Below is a listing. Quote from it, exactly, the lines from the one containing "Luxair 72cm Canopy" down to the one containing "Brunello Cucinelli trui met pailletten", both ends included, and nothing else.

(RECORD SET begins)

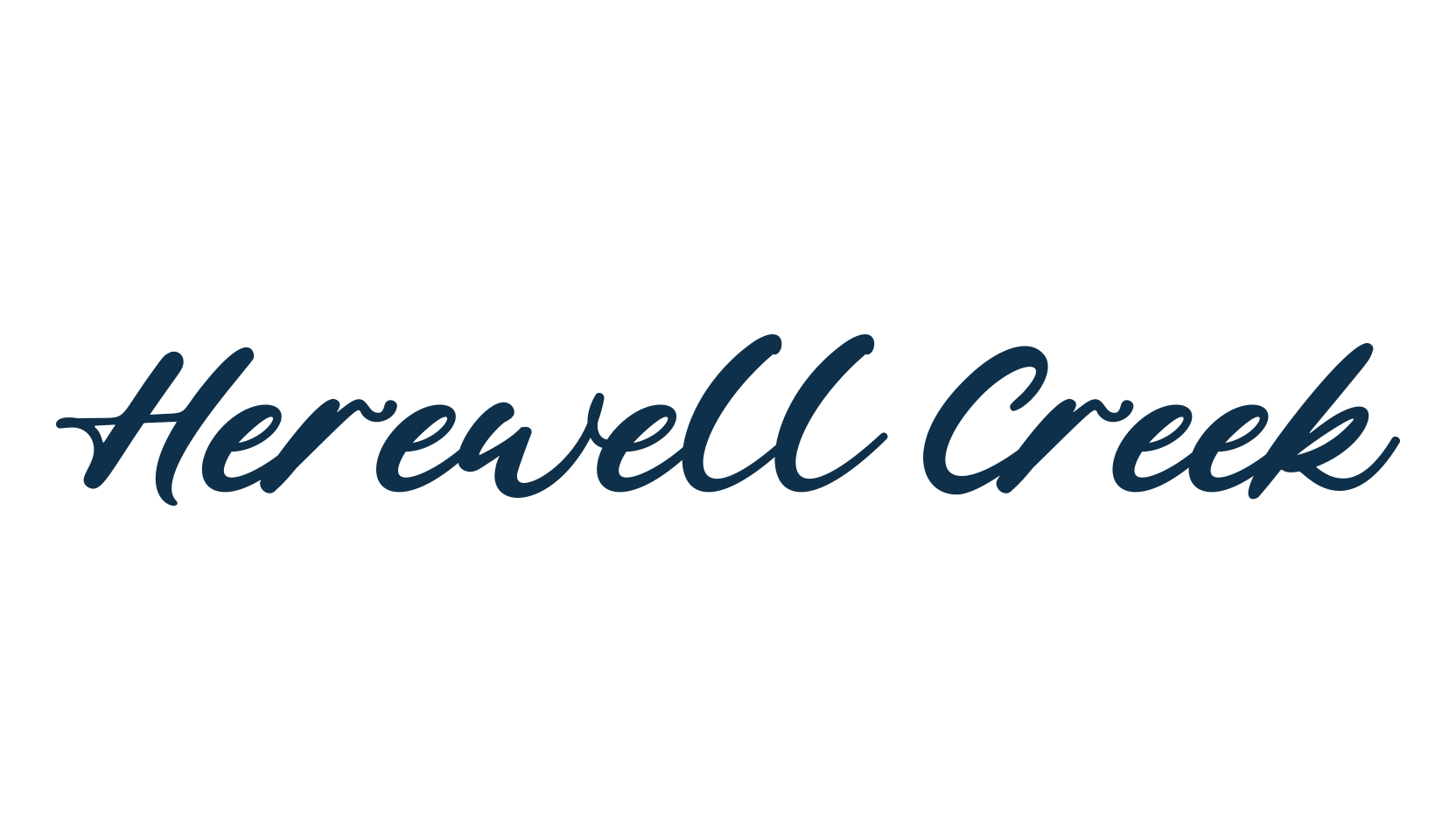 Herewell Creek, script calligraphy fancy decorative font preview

(RECORD SET ends)
(RECORD SET begins)

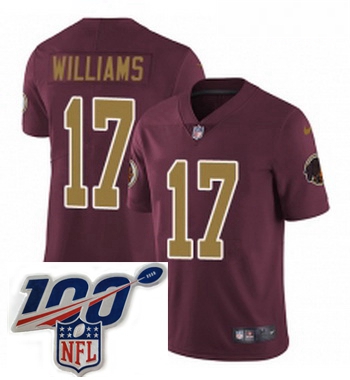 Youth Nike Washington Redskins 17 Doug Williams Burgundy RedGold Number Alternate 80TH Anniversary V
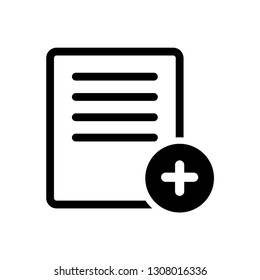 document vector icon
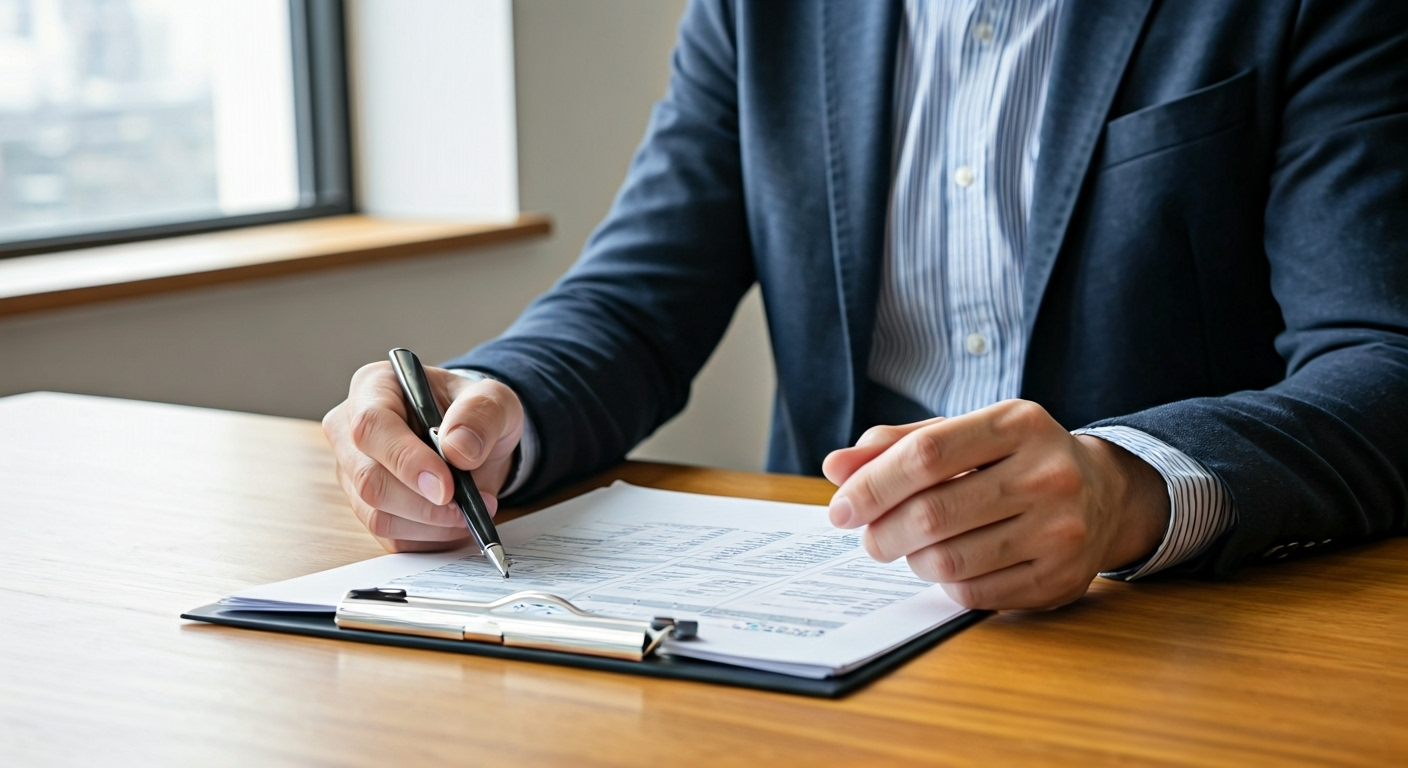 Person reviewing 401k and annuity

(RECORD SET ends)
(RECORD SET begins)

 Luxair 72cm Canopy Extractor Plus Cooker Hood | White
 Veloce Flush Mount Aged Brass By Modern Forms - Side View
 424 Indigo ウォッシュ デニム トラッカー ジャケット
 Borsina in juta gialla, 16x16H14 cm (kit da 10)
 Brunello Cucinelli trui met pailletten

(RECORD SET ends)

SOLUTION TO THIS TASK
 Luxair 72cm Canopy Extractor Plus Cooker Hood | White
 Veloce Flush Mount Aged Brass By Modern Forms - Side View
 424 Indigo ウォッシュ デニム トラッカー ジャケット
 Borsina in juta gialla, 16x16H14 cm (kit da 10)
 Brunello Cucinelli trui met pailletten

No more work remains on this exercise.